§ WHAT TO PRODUCE: What you submit must be an exact copy of the listing below, with no images in it.

DATA EXCERPTS: Begin

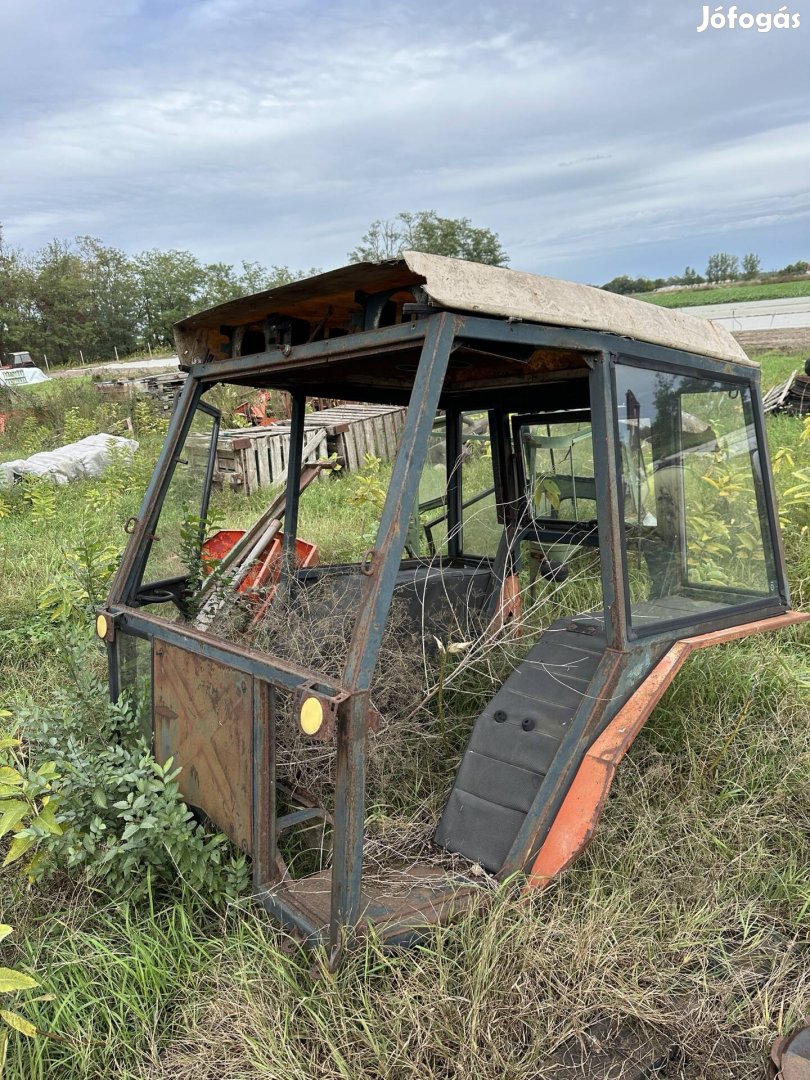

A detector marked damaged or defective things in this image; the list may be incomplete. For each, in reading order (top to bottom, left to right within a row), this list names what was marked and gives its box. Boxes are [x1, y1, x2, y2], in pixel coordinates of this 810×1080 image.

rusty tractor cab [99, 250, 807, 954]
rusty metal panel [152, 639, 253, 851]
rust patch [152, 639, 253, 851]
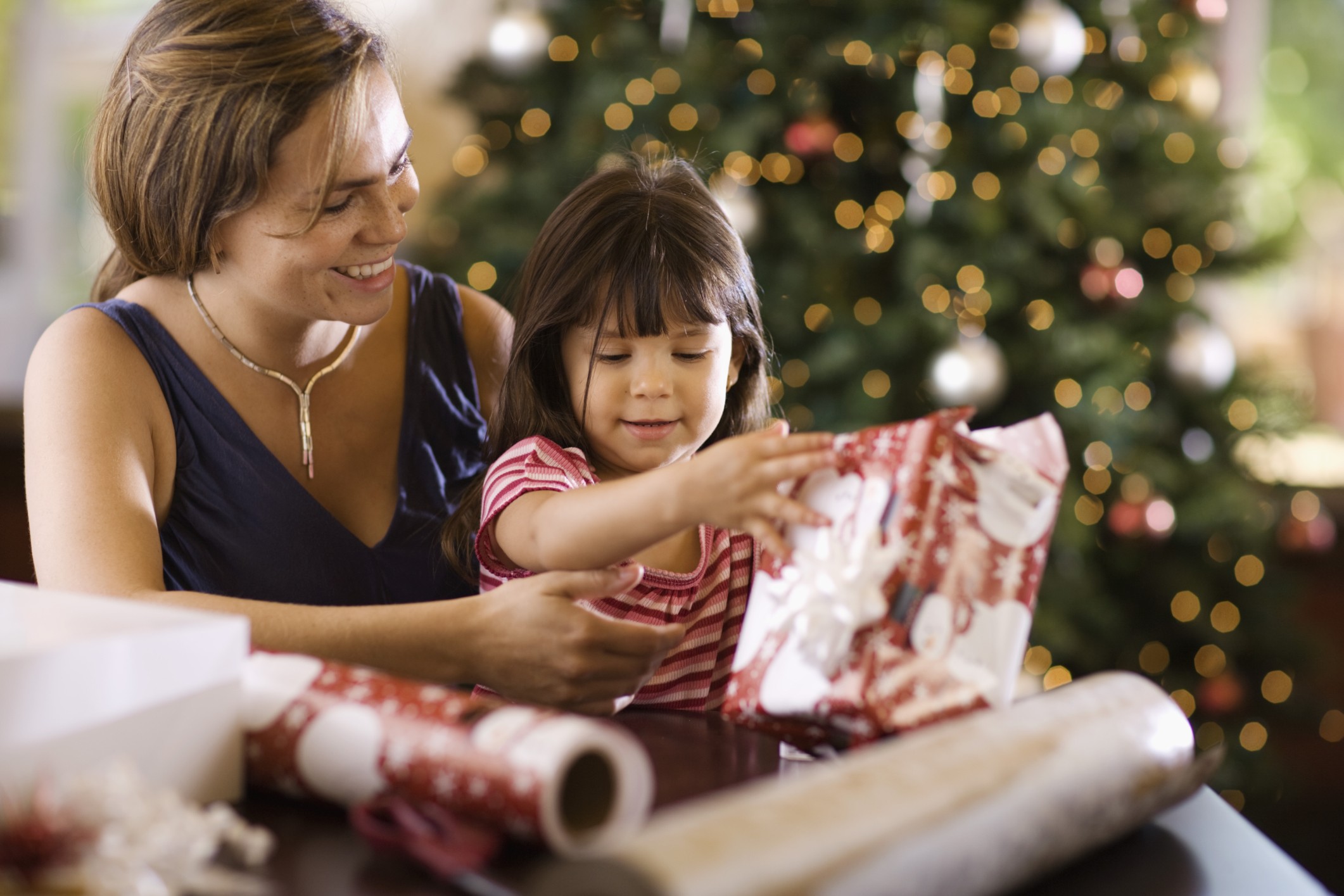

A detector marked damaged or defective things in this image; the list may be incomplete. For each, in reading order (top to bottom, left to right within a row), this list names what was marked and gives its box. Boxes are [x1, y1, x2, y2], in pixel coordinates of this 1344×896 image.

torn gift wrap [725, 410, 1074, 745]
torn gift wrap [248, 653, 664, 856]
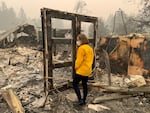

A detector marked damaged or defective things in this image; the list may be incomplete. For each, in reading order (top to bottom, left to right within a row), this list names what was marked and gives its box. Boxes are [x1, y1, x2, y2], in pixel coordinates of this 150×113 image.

charred wooden door frame [40, 7, 98, 95]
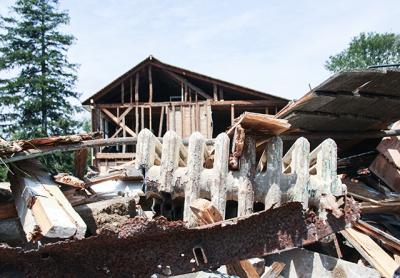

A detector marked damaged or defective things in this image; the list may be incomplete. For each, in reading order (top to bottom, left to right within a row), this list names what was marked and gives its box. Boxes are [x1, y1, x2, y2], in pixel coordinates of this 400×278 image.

broken lumber [9, 161, 86, 241]
rusted metal beam [0, 197, 360, 276]
broken lumber [191, 198, 260, 278]
broken lumber [340, 227, 400, 276]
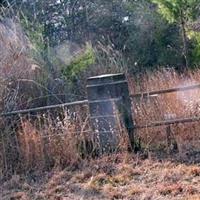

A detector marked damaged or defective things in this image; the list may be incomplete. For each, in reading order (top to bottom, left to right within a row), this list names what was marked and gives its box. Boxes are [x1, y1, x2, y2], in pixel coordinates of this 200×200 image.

rusty metal barrel [86, 74, 134, 154]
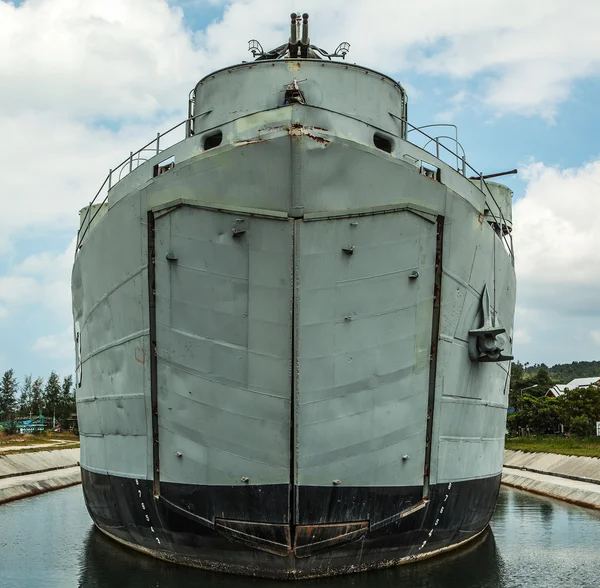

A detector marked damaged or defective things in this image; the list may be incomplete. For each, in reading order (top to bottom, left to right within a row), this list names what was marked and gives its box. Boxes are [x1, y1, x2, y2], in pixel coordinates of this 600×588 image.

rusty metal edge [424, 216, 442, 496]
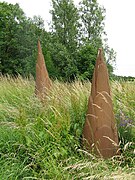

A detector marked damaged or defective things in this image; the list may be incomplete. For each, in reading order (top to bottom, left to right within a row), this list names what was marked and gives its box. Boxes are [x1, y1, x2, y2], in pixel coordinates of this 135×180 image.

rusty metal cone sculpture [35, 40, 51, 100]
rusty metal cone sculpture [82, 48, 119, 158]
rusted metal surface [82, 48, 119, 158]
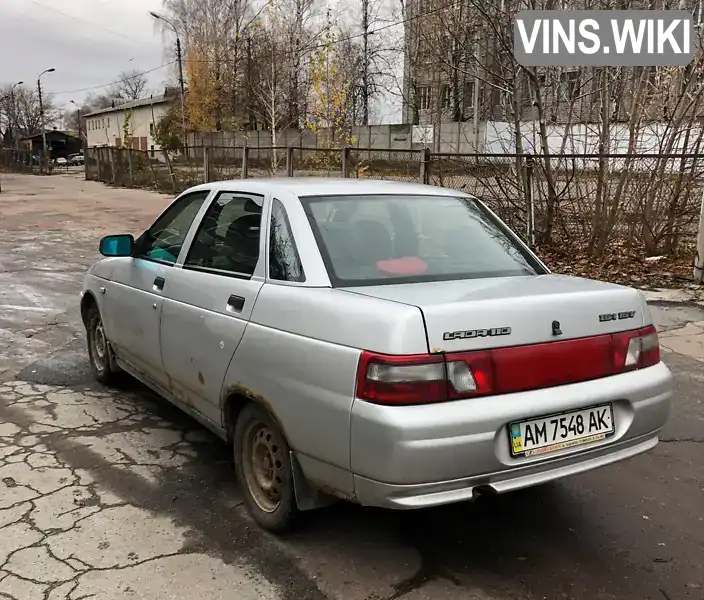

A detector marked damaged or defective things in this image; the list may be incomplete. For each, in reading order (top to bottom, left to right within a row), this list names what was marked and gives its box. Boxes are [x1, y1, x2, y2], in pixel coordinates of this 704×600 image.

cracked pavement [0, 173, 700, 600]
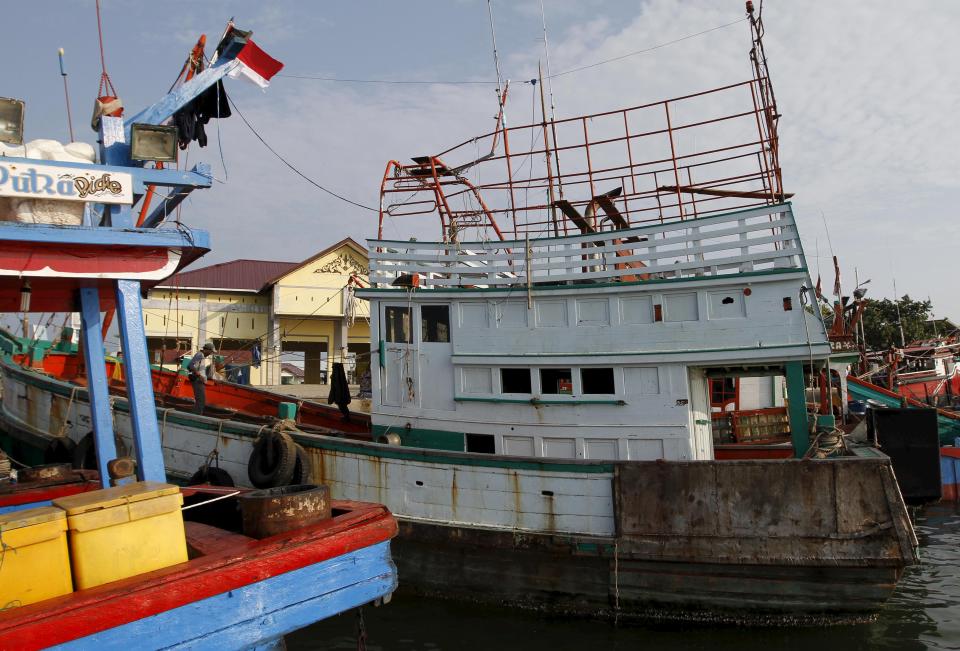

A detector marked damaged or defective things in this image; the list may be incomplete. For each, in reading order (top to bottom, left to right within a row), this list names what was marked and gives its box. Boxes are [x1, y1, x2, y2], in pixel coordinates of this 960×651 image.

rusted mast [536, 62, 560, 237]
rusty metal barrel [238, 484, 332, 540]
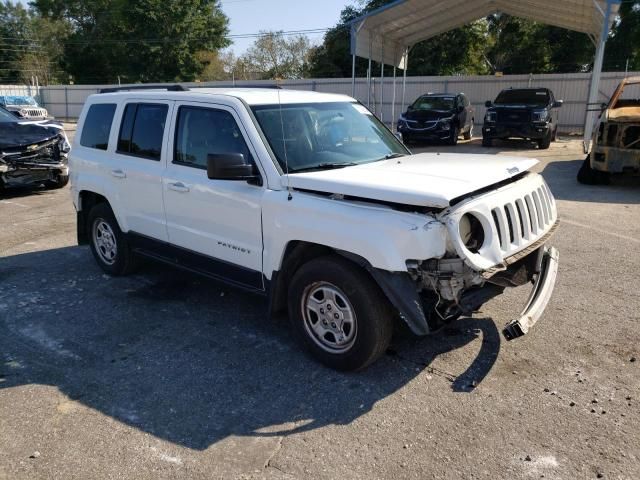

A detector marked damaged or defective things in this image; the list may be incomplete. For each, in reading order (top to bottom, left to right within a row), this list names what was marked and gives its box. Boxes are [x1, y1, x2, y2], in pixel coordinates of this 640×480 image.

wrecked car [0, 94, 49, 120]
crumpled front end [0, 135, 70, 189]
wrecked car [0, 106, 71, 190]
wrecked car [576, 78, 640, 185]
wrecked car [71, 87, 560, 372]
crumpled front end [396, 171, 560, 340]
damaged front bumper [502, 248, 556, 342]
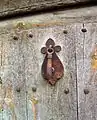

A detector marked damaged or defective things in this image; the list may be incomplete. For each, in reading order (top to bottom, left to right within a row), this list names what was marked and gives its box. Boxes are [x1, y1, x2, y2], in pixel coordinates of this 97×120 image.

rusted iron knocker [40, 38, 64, 85]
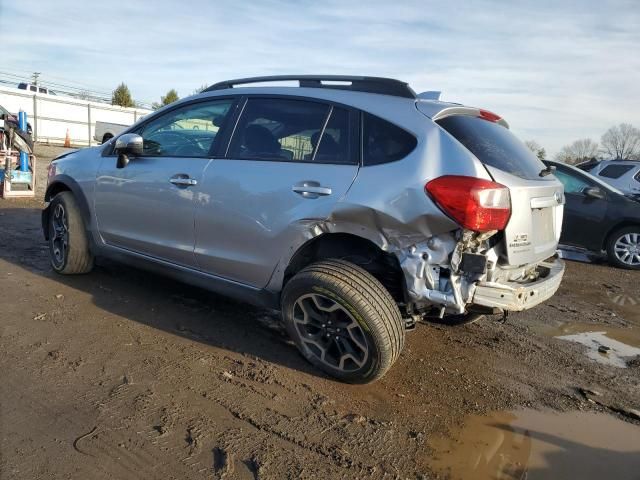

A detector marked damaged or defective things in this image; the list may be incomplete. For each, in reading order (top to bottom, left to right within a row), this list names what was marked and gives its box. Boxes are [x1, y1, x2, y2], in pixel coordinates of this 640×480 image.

damaged vehicle nearby [41, 75, 564, 382]
broken tail light [428, 176, 512, 232]
crumpled bumper [470, 258, 564, 312]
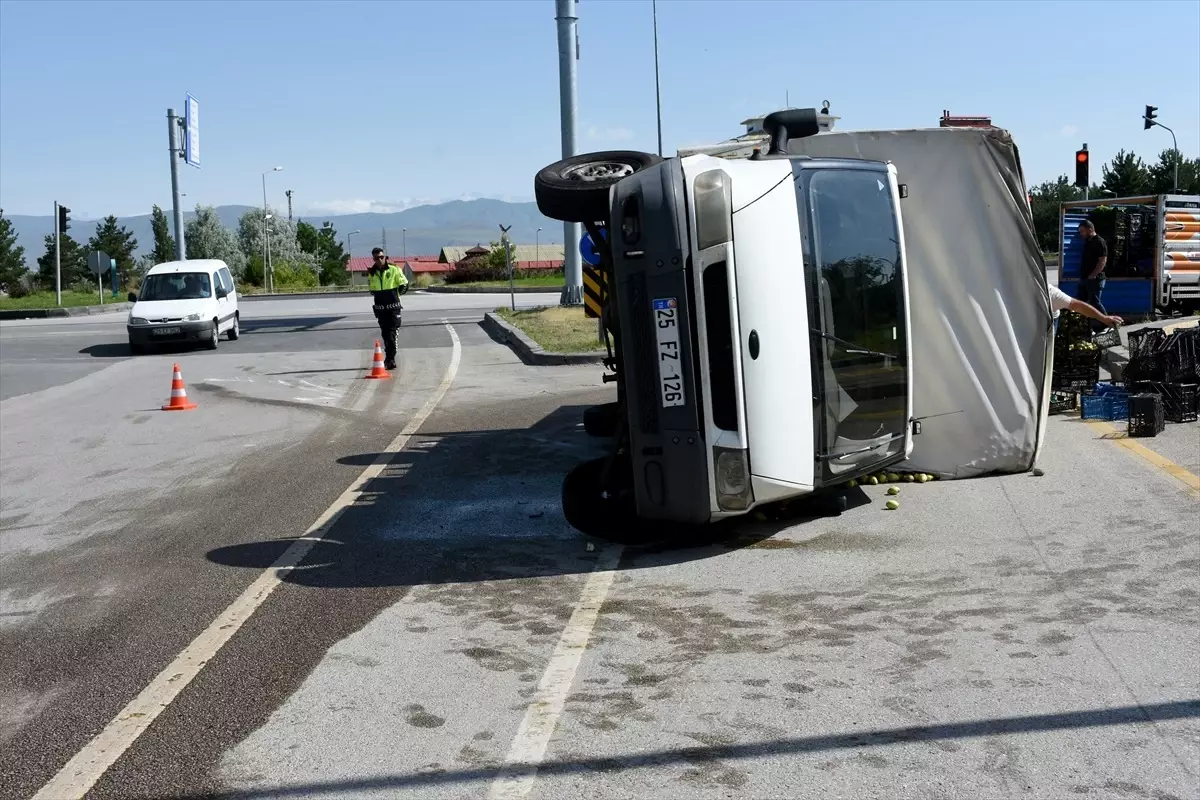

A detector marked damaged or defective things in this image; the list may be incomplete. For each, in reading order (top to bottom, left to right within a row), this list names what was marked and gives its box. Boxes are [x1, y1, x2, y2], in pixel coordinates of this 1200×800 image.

overturned white truck [535, 109, 1051, 542]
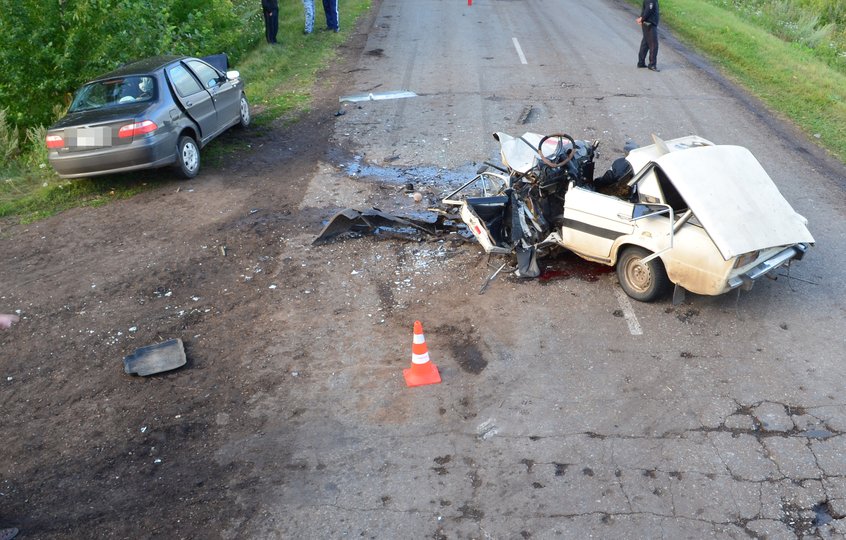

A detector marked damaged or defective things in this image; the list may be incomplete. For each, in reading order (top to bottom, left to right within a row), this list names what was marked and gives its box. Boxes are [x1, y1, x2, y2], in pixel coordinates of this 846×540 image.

wrecked white car [448, 130, 820, 300]
crushed car roof [656, 146, 816, 260]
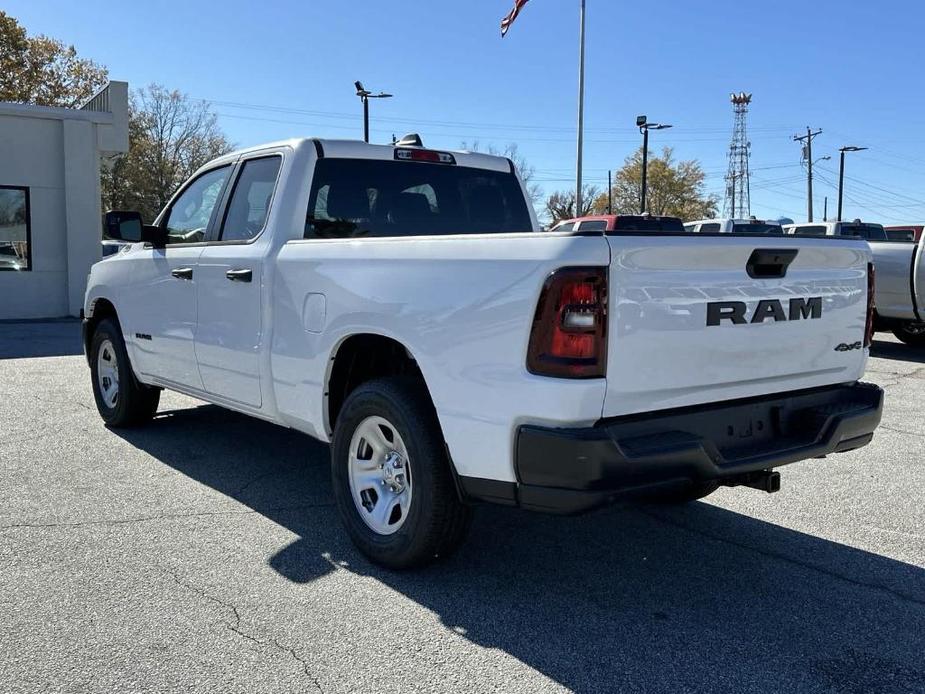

DATA EXCERPTS: End

§ ANSWER SPACE:
A detector marked damaged or defective things in this image; the list may be incomplete. For each, in reading order (top to bottom, left to right within a row), this list names what was marked and gives its box. Boxes are [x1, y1, x2, y2], in pixel coordinates of this 810×1080 image.

rusty tractor cab [99, 250, 807, 954]
rusty metal panel [152, 639, 253, 851]
rust patch [152, 639, 253, 851]

A detector marked damaged or defective things in this image; the list may be incomplete. For each, in reading order (top to bottom, left to right within a row), this list names what was marked and gives its box. Boxes are [x1, y1, x2, y2], in pixel coordinates of this 1344×896 image.

torn gift wrap [725, 410, 1074, 745]
torn gift wrap [248, 653, 664, 856]

A detector marked damaged or defective things in this image; the list may be incomplete. For each, in reading order (top to bottom, left to right within a row), this list names what was marked and gives its box. Boxes are [x1, y1, x2, y2], in pixel coordinates of this 150×113 image.

charred wooden door frame [40, 7, 98, 95]

A detector marked damaged or defective things in this image; the list may be incomplete. For each, in reading order (top to bottom, left to right within a row), this list names what was marked and gives its box. Boxes are [x1, y1, x2, y2], in pixel coordinates of this 400×278 image.

broken lumber [9, 161, 86, 241]
rusted metal beam [0, 197, 360, 276]
broken lumber [191, 198, 260, 278]
broken lumber [340, 227, 400, 276]

A detector marked damaged or defective things in this image; the list may be incomplete. For each, in reading order (top to bottom, left to right within a row), this list names what was marked and gives its box. Boxes are [x1, y1, x2, y2], in pixel coordinates of this 200×200 image.

rusty metal barrel [86, 74, 134, 154]

A detector marked damaged or defective things in this image; the list may be incomplete. For each, in reading order (top to bottom, left to right within a row), this list names what was marked and gives its box. Boxes are [x1, y1, x2, y2], in pixel coordinates of this 600×588 image.

rusty metal edge [424, 216, 442, 496]

A detector marked damaged or defective things in this image; the list may be incomplete. For each, in reading order (top to bottom, left to right within a row), this list names what was marked and gives its box. Boxes are [x1, y1, x2, y2], in pixel coordinates of this 135×180 image.

rusty metal cone sculpture [35, 40, 51, 100]
rusty metal cone sculpture [82, 48, 119, 158]
rusted metal surface [82, 48, 119, 158]

A detector marked damaged or defective things in this image; the list may be incomplete. For each, in reading order (top to bottom, left to right within a row), this list names what was marked and gives its box. Boxes are [x1, y1, x2, y2], in pixel coordinates of this 704×600 image.

cracked pavement [0, 173, 700, 600]

A detector marked damaged or defective things in this image; the list may be incomplete. For each, in reading order (top to bottom, left to right within a row), this list names what was marked and gives its box. Boxes are [x1, y1, x2, y2], in pixel coordinates of this 960×651 image.

rusted mast [536, 62, 560, 237]
rusty metal barrel [238, 484, 332, 540]

A detector marked damaged or defective things in this image; the list may be incomplete. For each, in reading order (top to bottom, left to right within a row), this list names what was marked and gives its box. Boxes are [x1, y1, x2, y2], in pixel coordinates of this 640×480 image.

wrecked car [0, 94, 49, 120]
crumpled front end [0, 135, 70, 189]
wrecked car [0, 106, 71, 190]
wrecked car [576, 78, 640, 185]
wrecked car [71, 87, 560, 372]
crumpled front end [396, 171, 560, 340]
damaged front bumper [502, 248, 556, 342]

A detector marked damaged or defective things in this image; the list may be incomplete. For each, in reading order (top to bottom, left to right within a row), this list names what was marked and gives its box. Boxes are [x1, y1, x2, y2], in pixel coordinates of this 97×120 image.

rusted iron knocker [40, 38, 64, 85]

A detector marked damaged or defective things in this image; the list may be incomplete. For each, in reading order (top to bottom, left to right within a row), this list names what was marked and gives its box. Boxes are [x1, y1, x2, y2], in pixel coordinates of this 640×480 image.

damaged vehicle nearby [41, 75, 564, 382]
broken tail light [428, 176, 512, 232]
crumpled bumper [470, 258, 564, 312]

A detector marked damaged or defective things in this image; the list may be incomplete. For each, in reading order (top to bottom, left to right within a row), this list names what was marked and gives its box. Boxes are [x1, y1, x2, y2], in pixel coordinates of this 1200×800 image.

overturned white truck [535, 109, 1051, 542]

A detector marked damaged or defective things in this image; the list may be incomplete. For each, in reading order (top to bottom, left to right within a row), this list names what was marked and gives its box. Boxes are [x1, y1, x2, y2], in pixel coordinates of this 846×540 image.

wrecked white car [448, 130, 820, 300]
crushed car roof [656, 146, 816, 260]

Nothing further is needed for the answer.